[tz] Java & Rearguard
Guy Harris
guy at alum.mit.edu
Thu Jun 6 19:01:01 UTC 2019
On Jun 5, 2019, at 7:33 PM, Steve Summit <scs at eskimo.com> wrote:
> (As an aside: Is it my imagination, or was there a time when C
> had an array of 1, 2, or maybe more than 2 time zone strings,
> and you used tm_isdst as an index into them, such that tm_isdst
> functioned as a sort of an opaque token even though it had "dst"
> in its name?)
OK, time for another source dive!
V7:
https://minnie.tuhs.org/cgi-bin/utree.pl?file=V7/usr/src/libc/gen/timezone.c
had a timezone() function, which took an offset-in-minutes-from-UTC-with-west-of-UTC-being-positive argument and a "is this DST" argument, and looked up the zone in a table of North American time zone abbreviation names and returned either the result or, if it wasn't found, a string of the form "GMT{+,-}H:MM, with + being east of UTC and - being west of UTC.
4.2BSD:
https://minnie.tuhs.org/cgi-bin/utree.pl?file=4.2BSD/usr/src/lib/libc/gen/timezone.c
offered the same API, added some European and Australian time zones to the table, and allowed a TZNAME environment variable, of the form "std,dst", to be used to set the zone name.

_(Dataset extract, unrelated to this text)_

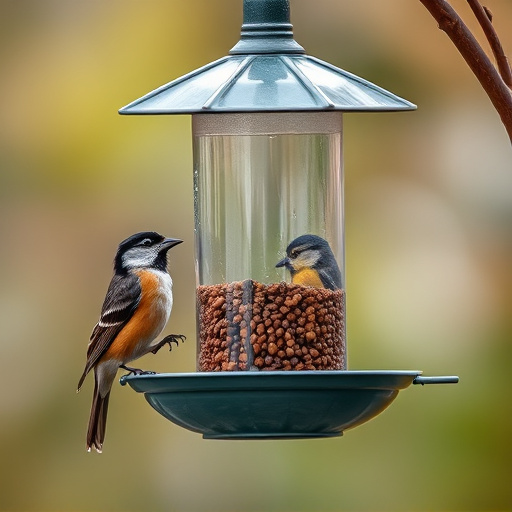 bird feeder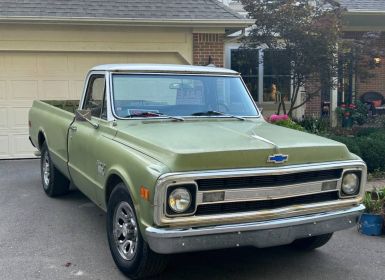 Chevrolet C10 pickup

Dating back at least as far as System III:
https://minnie.tuhs.org/cgi-bin/utree.pl?file=SysIII/usr/src/lib/libc/pdp11/gen/ctime.c
the System Roman Numeral list of UNIXes had the tzname[] array, with 2 elements, the first of which was for "standard" time and the second of which was for "daylight saving" time. The System III man page for ctime():
https://minnie.tuhs.org/cgi-bin/utree.pl?file=SysIII/usr/src/man/man3/ctime.3c
doesn't explicitly say that you use tm_isdst as an index into tzname[], or that the first element is for "standard" time and the second is for "daylight saving" time, but
char *tzname[2] = {"EST", "EDT"};
somewhat suggests the latter.
The System Roman Numeral mechanism for getting the time zone name is what POSIX adopted.